Brief Explanation for these maxims
Having started well on the s.79, the Committee went adrift and ended up with a land law that is ambiguous and will cause unnecessary economic and political tension. Our considered view is that, you have ended here for you and the whole nation has been and is still labouring under a false and a very dangerous doctrine that, land/natural resources can be called a man's property.
If this Harmonised Draft was the product of the man in the street, the incorporation of private property in land in the Constitution in s. 81 would be understandable. Since you are lawyers, who are supposed to be learned, ingenious and friends of mankind, you have no liberty to find this inquiry useless or troublesome as common men would do. You must therefore, summon courage and perhaps a bit of divine wisdom to examine this absurd and pernicious right to absolute ownership of land.
However, one must appreciate the fact that due to the conditioning we receive as we grow up and in our so called law schools, it is not easy to see through this false and dangerous doctrine of absolute title in land that our law professors
have propagandised to their law students for centuries. In the words of Smith,1 while discussing the subtle monopolization of land, he notes that:
“If I were to avoid saying anything threatening to the reader I would leave out this chapter, but the subtle monopolization of social wealth started here. The powerful structured their superior rights into ownership of land hundreds of years ago. These excessive rights are now ingrained in law and custom.”

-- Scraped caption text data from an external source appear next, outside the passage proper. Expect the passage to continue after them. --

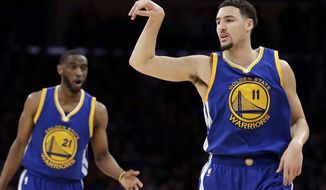 Golden State Warriors guard Klay Thompson, right, celebrates a basket as guard Ian Clark watches uring the first half of an NBA basketball game against the Los Angeles Lakers in Los Angeles, Tuesday, Jan. 5, 2016. (AP Photo/Chris Carlson)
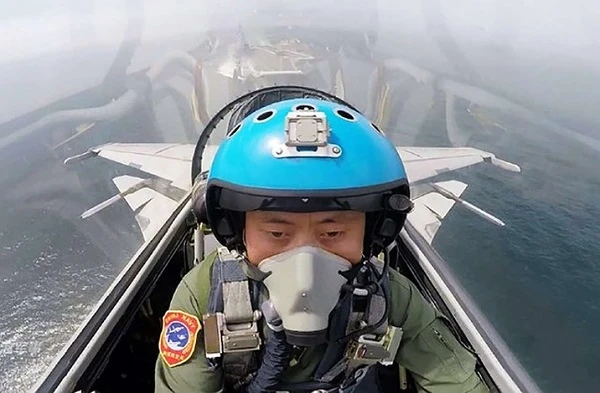 Không quân Trung Quốc thừa thãi máy bay nhưng trình độ phi công quá kém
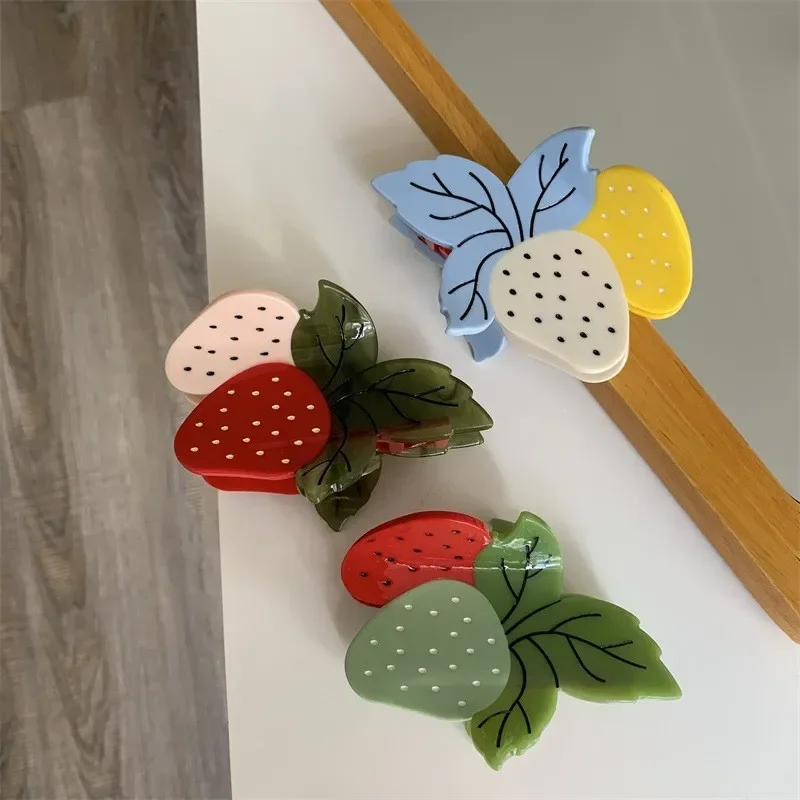 

BYL New Style Fresh Strawberry Color Blocking Hair Clips Acetate Hair Claw Splicing Leaf Disc Crab Clip Female Hair Accessories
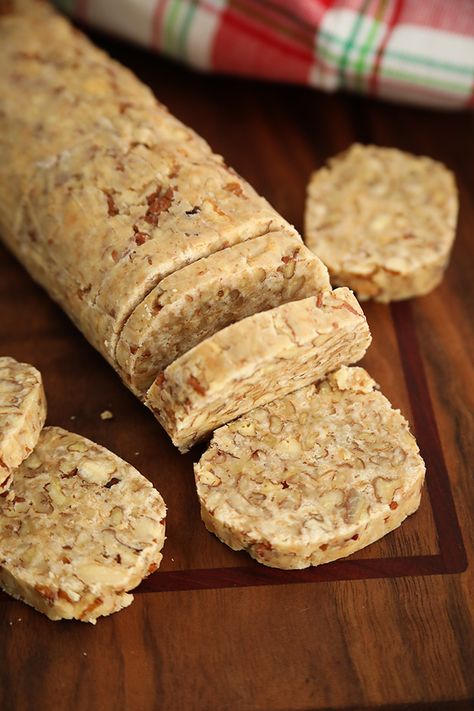 Nanas 3 Ingredient Pecan Log, Pecan Log Roll, Pecan Treats, Pecan Log, Candy Homemade, Fruit Treats, Bark Recipes, Praline Recipe, Pecan Desserts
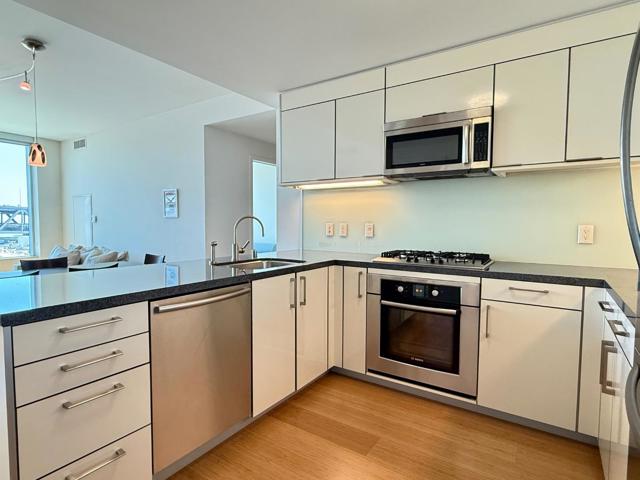338 Spear Street, San Francisco CA: https://media.crmls.org/mediaz/11e911e3-7d1b-4cdf-8cb6-5b3e9aec1d00.jpg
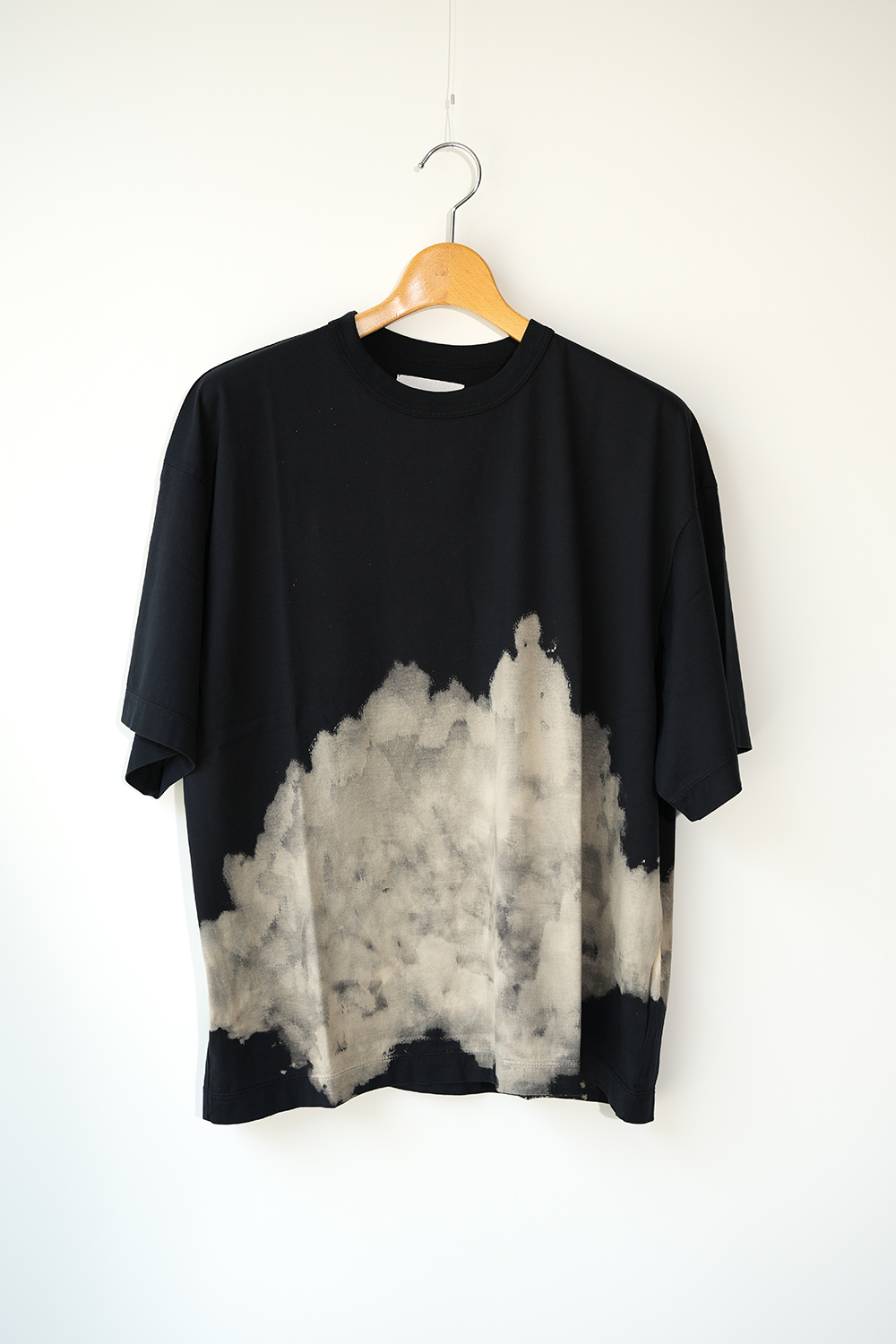 COMFORT-FIT Tee “CLOUDY BLEACHING”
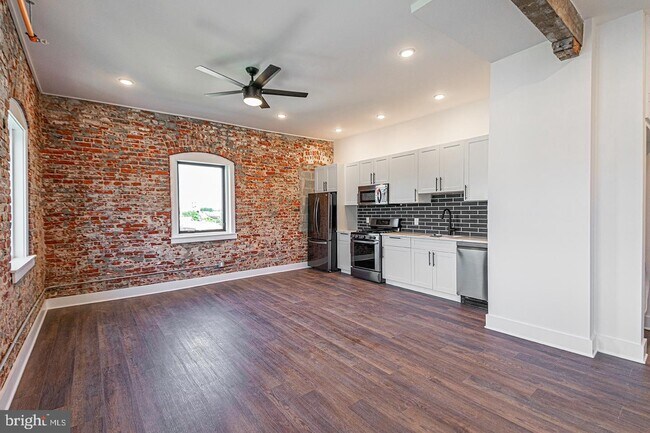 Building Photo - 1211 Bainbridge St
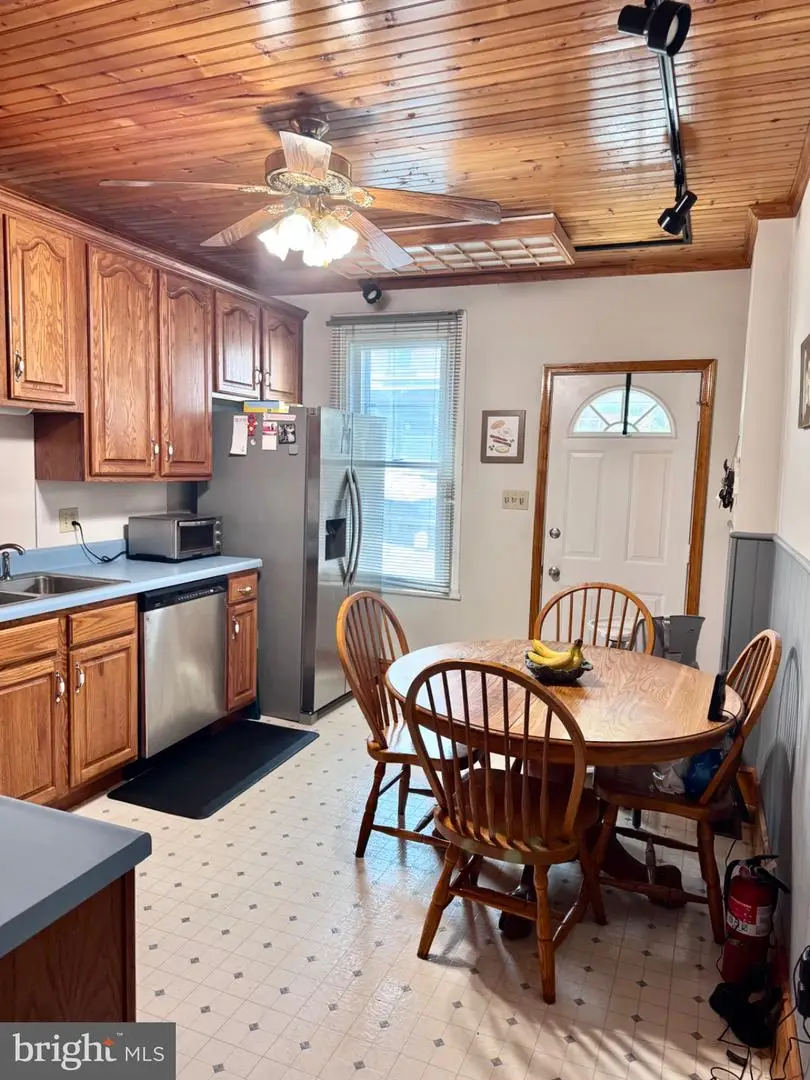 458 W Main St, Kutztown, PA 19530 - #3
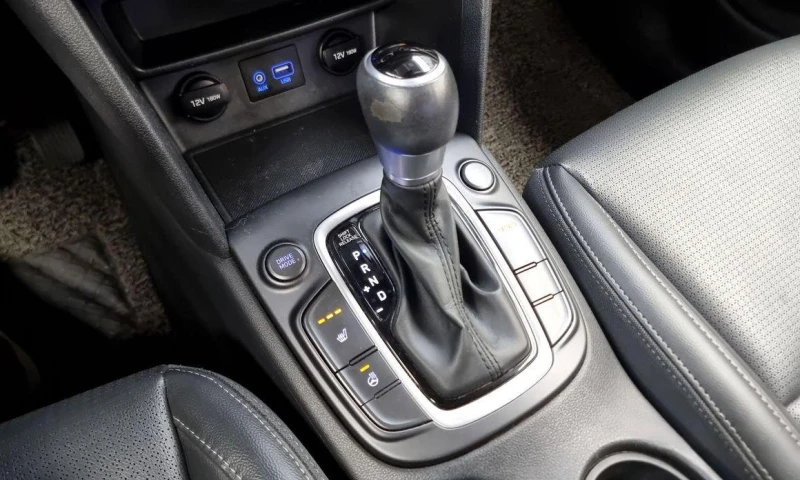 Hyundai Kona, снимка 9 - Автомобили и джипове - 51888194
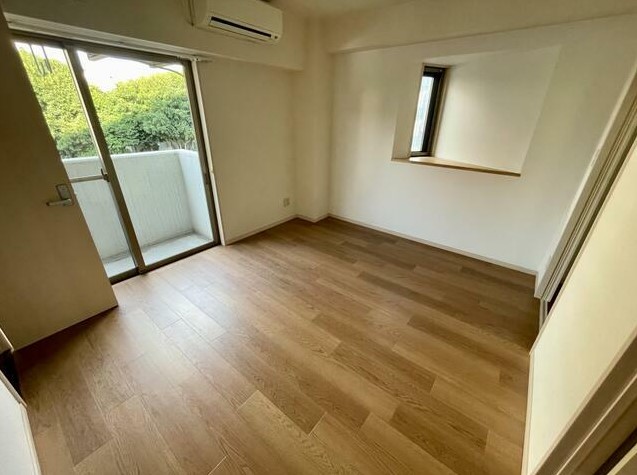 居室・リビング　退去前のため現況を優先します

Smith, further explaining the injustice of one person having unrestricted ownership of another’s living space on this earth, says that:
“This practice is only customary; it is part of the social conditioning that we all receive while growing up. Being thoroughly conditioned, and having never experienced or imagined anything else, few ever realize that under the current structure of land ownership they may not have all their rights. Instead, the possibility of eventually owning one’s piece of land is viewed as evidence of full rights. Being conscious of the not –so-distant past when common people did not have even this privilege, citizen’s view and celebrate these limited rights as full rights.”2
------------------------------
1 J. W. Smith, Ph.D, The World’s Wasted Wealth 2 – Save Our Wealth, Save Our Environment. Cambria, California: The Institute For Economic Democracy, 1994 at 339.
2 J.W. Smith, The world’s Wasted Wealth 2 (n 2) at 339 – 340.
-------------------------------
Thus, by succumbing to this false but widespread doctrine of private land or property in land, you have engrained in our fundamental law as the powerful did centuries ago, the most dangerous monopoly every witnessed in human history. You have therefore, failed to heed the immortal words uttered by Jean Jacques Rousseau in his “A Discourse on the Origin of Inequality,” that:“The first man who, having enclosed a piece of ground, bethought himself as saying “this is mine,” and found people simple enough to believe him, was the real founder of civil society. From how many crimes, wars, and murders, from how many horrors and misfortunes might not any one have saved mankind, by pulling up the stakes, or filling up the ditch, and crying to his fellows: “Beware of listening to this impostor; you are undone if you once forget that the fruits of the earth belong to us all, and the earth itself to nobody.”3
----------------------------
3 J.J. Rousseau, The Social Contract and Discourses by Jean – Jacques Rousseau, translated with an Introduction by G.D.H. Cole.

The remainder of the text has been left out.